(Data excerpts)
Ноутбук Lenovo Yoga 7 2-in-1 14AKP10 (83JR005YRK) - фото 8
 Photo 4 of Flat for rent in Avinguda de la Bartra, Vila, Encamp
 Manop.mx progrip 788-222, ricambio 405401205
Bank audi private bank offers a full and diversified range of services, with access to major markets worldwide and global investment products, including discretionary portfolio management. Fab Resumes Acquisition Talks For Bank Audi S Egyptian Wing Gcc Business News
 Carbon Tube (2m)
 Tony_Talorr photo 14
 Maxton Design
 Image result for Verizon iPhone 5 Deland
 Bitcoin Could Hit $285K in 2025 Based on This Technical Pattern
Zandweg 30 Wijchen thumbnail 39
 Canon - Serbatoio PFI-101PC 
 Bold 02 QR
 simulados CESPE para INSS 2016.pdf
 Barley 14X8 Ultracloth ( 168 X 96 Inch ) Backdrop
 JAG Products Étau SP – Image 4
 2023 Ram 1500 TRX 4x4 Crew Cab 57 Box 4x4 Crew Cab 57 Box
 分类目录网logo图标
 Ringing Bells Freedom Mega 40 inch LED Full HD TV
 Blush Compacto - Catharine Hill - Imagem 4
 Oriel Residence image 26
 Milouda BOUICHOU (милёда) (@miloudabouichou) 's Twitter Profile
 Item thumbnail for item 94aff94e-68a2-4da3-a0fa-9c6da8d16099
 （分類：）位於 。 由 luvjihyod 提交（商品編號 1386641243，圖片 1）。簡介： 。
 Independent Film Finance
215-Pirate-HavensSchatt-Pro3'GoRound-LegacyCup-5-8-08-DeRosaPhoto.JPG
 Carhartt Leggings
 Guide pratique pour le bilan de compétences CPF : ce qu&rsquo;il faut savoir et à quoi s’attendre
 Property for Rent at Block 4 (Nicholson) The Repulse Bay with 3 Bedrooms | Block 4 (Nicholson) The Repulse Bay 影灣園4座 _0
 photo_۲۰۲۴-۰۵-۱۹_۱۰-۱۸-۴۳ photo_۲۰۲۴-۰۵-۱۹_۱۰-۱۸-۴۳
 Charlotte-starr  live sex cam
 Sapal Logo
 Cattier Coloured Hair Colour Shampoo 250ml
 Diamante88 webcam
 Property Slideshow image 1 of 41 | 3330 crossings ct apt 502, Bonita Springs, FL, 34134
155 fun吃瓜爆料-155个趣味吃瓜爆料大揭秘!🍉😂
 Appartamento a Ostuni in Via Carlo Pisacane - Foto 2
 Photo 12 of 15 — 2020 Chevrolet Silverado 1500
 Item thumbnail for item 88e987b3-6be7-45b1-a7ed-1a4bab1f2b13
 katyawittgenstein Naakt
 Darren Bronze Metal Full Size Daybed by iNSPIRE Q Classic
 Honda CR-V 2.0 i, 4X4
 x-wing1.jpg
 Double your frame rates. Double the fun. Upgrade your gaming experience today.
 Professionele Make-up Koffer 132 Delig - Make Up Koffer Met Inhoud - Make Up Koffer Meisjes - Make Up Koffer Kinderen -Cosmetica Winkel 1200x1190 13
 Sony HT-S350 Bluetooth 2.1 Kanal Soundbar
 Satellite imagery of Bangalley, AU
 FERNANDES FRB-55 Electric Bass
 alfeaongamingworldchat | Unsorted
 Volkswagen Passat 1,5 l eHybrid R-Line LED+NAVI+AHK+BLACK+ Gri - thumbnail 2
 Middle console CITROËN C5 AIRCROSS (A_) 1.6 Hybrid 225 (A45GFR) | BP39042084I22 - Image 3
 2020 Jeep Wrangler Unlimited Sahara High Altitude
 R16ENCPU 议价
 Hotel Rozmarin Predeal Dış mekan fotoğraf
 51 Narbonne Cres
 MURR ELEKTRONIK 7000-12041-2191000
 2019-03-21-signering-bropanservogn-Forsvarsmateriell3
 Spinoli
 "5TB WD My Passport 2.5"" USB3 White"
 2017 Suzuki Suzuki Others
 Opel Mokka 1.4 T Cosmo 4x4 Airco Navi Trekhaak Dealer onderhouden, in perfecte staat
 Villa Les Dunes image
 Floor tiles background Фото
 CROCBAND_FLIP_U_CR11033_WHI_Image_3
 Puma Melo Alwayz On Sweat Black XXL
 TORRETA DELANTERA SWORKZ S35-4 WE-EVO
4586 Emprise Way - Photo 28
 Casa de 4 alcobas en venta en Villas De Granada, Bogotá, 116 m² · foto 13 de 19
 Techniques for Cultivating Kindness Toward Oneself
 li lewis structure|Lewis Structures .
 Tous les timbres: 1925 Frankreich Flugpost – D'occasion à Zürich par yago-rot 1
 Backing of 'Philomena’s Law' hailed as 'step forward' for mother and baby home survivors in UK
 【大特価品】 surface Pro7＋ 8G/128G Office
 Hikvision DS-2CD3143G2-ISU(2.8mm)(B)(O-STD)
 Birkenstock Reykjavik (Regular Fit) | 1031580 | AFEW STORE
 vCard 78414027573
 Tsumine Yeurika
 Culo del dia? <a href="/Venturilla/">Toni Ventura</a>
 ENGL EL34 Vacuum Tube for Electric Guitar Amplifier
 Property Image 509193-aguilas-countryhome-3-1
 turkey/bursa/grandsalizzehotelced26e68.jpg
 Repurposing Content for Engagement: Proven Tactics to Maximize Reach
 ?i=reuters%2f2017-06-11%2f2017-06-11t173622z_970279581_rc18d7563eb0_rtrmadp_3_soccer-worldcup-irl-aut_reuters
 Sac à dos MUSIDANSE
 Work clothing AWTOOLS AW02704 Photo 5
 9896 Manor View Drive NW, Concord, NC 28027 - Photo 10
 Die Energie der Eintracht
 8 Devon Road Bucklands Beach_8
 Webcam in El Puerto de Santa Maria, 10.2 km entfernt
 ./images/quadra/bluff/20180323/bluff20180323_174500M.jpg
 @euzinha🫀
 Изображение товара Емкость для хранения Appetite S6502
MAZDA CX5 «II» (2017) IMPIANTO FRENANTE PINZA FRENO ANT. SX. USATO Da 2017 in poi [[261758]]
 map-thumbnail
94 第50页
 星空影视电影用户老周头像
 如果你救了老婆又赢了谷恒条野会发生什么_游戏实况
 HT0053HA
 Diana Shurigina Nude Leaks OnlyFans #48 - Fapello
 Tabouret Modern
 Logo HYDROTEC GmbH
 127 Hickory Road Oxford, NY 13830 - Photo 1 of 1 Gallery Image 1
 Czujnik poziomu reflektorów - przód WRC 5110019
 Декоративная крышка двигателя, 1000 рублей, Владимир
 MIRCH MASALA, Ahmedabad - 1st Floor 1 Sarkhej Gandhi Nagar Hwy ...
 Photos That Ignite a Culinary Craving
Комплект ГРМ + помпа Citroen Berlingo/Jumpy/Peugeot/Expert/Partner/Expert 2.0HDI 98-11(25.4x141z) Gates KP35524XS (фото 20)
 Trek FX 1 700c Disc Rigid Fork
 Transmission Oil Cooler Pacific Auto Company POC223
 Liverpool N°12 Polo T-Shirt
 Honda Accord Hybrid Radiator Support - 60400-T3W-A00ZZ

■ Your instructions:
All of the data above should be reproduced exactly, with nothing missing.

■ Response area:
Ноутбук Lenovo Yoga 7 2-in-1 14AKP10 (83JR005YRK) - фото 8
 Photo 4 of Flat for rent in Avinguda de la Bartra, Vila, Encamp
 Manop.mx progrip 788-222, ricambio 405401205
Bank audi private bank offers a full and diversified range of services, with access to major markets worldwide and global investment products, including discretionary portfolio management. Fab Resumes Acquisition Talks For Bank Audi S Egyptian Wing Gcc Business News
 Carbon Tube (2m)
 Tony_Talorr photo 14
 Maxton Design
 Image result for Verizon iPhone 5 Deland
 Bitcoin Could Hit $285K in 2025 Based on This Technical Pattern
Zandweg 30 Wijchen thumbnail 39
 Canon - Serbatoio PFI-101PC 
 Bold 02 QR
 simulados CESPE para INSS 2016.pdf
 Barley 14X8 Ultracloth ( 168 X 96 Inch ) Backdrop
 JAG Products Étau SP – Image 4
 2023 Ram 1500 TRX 4x4 Crew Cab 57 Box 4x4 Crew Cab 57 Box
 分类目录网logo图标
 Ringing Bells Freedom Mega 40 inch LED Full HD TV
 Blush Compacto - Catharine Hill - Imagem 4
 Oriel Residence image 26
 Milouda BOUICHOU (милёда) (@miloudabouichou) 's Twitter Profile
 Item thumbnail for item 94aff94e-68a2-4da3-a0fa-9c6da8d16099
 （分類：）位於 。 由 luvjihyod 提交（商品編號 1386641243，圖片 1）。簡介： 。
 Independent Film Finance
215-Pirate-HavensSchatt-Pro3'GoRound-LegacyCup-5-8-08-DeRosaPhoto.JPG
 Carhartt Leggings
 Guide pratique pour le bilan de compétences CPF : ce qu&rsquo;il faut savoir et à quoi s’attendre
 Property for Rent at Block 4 (Nicholson) The Repulse Bay with 3 Bedrooms | Block 4 (Nicholson) The Repulse Bay 影灣園4座 _0
 photo_۲۰۲۴-۰۵-۱۹_۱۰-۱۸-۴۳ photo_۲۰۲۴-۰۵-۱۹_۱۰-۱۸-۴۳
 Charlotte-starr  live sex cam
 Sapal Logo
 Cattier Coloured Hair Colour Shampoo 250ml
 Diamante88 webcam
 Property Slideshow image 1 of 41 | 3330 crossings ct apt 502, Bonita Springs, FL, 34134
155 fun吃瓜爆料-155个趣味吃瓜爆料大揭秘!🍉😂
 Appartamento a Ostuni in Via Carlo Pisacane - Foto 2
 Photo 12 of 15 — 2020 Chevrolet Silverado 1500
 Item thumbnail for item 88e987b3-6be7-45b1-a7ed-1a4bab1f2b13
 katyawittgenstein Naakt
 Darren Bronze Metal Full Size Daybed by iNSPIRE Q Classic
 Honda CR-V 2.0 i, 4X4
 x-wing1.jpg
 Double your frame rates. Double the fun. Upgrade your gaming experience today.
 Professionele Make-up Koffer 132 Delig - Make Up Koffer Met Inhoud - Make Up Koffer Meisjes - Make Up Koffer Kinderen -Cosmetica Winkel 1200x1190 13
 Sony HT-S350 Bluetooth 2.1 Kanal Soundbar
 Satellite imagery of Bangalley, AU
 FERNANDES FRB-55 Electric Bass
 alfeaongamingworldchat | Unsorted
 Volkswagen Passat 1,5 l eHybrid R-Line LED+NAVI+AHK+BLACK+ Gri - thumbnail 2
 Middle console CITROËN C5 AIRCROSS (A_) 1.6 Hybrid 225 (A45GFR) | BP39042084I22 - Image 3
 2020 Jeep Wrangler Unlimited Sahara High Altitude
 R16ENCPU 议价
 Hotel Rozmarin Predeal Dış mekan fotoğraf
 51 Narbonne Cres
 MURR ELEKTRONIK 7000-12041-2191000
 2019-03-21-signering-bropanservogn-Forsvarsmateriell3
 Spinoli
 "5TB WD My Passport 2.5"" USB3 White"
 2017 Suzuki Suzuki Others
 Opel Mokka 1.4 T Cosmo 4x4 Airco Navi Trekhaak Dealer onderhouden, in perfecte staat
 Villa Les Dunes image
 Floor tiles background Фото
 CROCBAND_FLIP_U_CR11033_WHI_Image_3
 Puma Melo Alwayz On Sweat Black XXL
 TORRETA DELANTERA SWORKZ S35-4 WE-EVO
4586 Emprise Way - Photo 28
 Casa de 4 alcobas en venta en Villas De Granada, Bogotá, 116 m² · foto 13 de 19
 Techniques for Cultivating Kindness Toward Oneself
 li lewis structure|Lewis Structures .
 Tous les timbres: 1925 Frankreich Flugpost – D'occasion à Zürich par yago-rot 1
 Backing of 'Philomena’s Law' hailed as 'step forward' for mother and baby home survivors in UK
 【大特価品】 surface Pro7＋ 8G/128G Office
 Hikvision DS-2CD3143G2-ISU(2.8mm)(B)(O-STD)
 Birkenstock Reykjavik (Regular Fit) | 1031580 | AFEW STORE
 vCard 78414027573
 Tsumine Yeurika
 Culo del dia? <a href="/Venturilla/">Toni Ventura</a>
 ENGL EL34 Vacuum Tube for Electric Guitar Amplifier
 Property Image 509193-aguilas-countryhome-3-1
 turkey/bursa/grandsalizzehotelced26e68.jpg
 Repurposing Content for Engagement: Proven Tactics to Maximize Reach
 ?i=reuters%2f2017-06-11%2f2017-06-11t173622z_970279581_rc18d7563eb0_rtrmadp_3_soccer-worldcup-irl-aut_reuters
 Sac à dos MUSIDANSE
 Work clothing AWTOOLS AW02704 Photo 5
 9896 Manor View Drive NW, Concord, NC 28027 - Photo 10
 Die Energie der Eintracht
 8 Devon Road Bucklands Beach_8
 Webcam in El Puerto de Santa Maria, 10.2 km entfernt
 ./images/quadra/bluff/20180323/bluff20180323_174500M.jpg
 @euzinha🫀
 Изображение товара Емкость для хранения Appetite S6502
MAZDA CX5 «II» (2017) IMPIANTO FRENANTE PINZA FRENO ANT. SX. USATO Da 2017 in poi [[261758]]
 map-thumbnail
94 第50页
 星空影视电影用户老周头像
 如果你救了老婆又赢了谷恒条野会发生什么_游戏实况
 HT0053HA
 Diana Shurigina Nude Leaks OnlyFans #48 - Fapello
 Tabouret Modern
 Logo HYDROTEC GmbH
 127 Hickory Road Oxford, NY 13830 - Photo 1 of 1 Gallery Image 1
 Czujnik poziomu reflektorów - przód WRC 5110019
 Декоративная крышка двигателя, 1000 рублей, Владимир
 MIRCH MASALA, Ahmedabad - 1st Floor 1 Sarkhej Gandhi Nagar Hwy ...
 Photos That Ignite a Culinary Craving
Комплект ГРМ + помпа Citroen Berlingo/Jumpy/Peugeot/Expert/Partner/Expert 2.0HDI 98-11(25.4x141z) Gates KP35524XS (фото 20)
 Trek FX 1 700c Disc Rigid Fork
 Transmission Oil Cooler Pacific Auto Company POC223
 Liverpool N°12 Polo T-Shirt
 Honda Accord Hybrid Radiator Support - 60400-T3W-A00ZZ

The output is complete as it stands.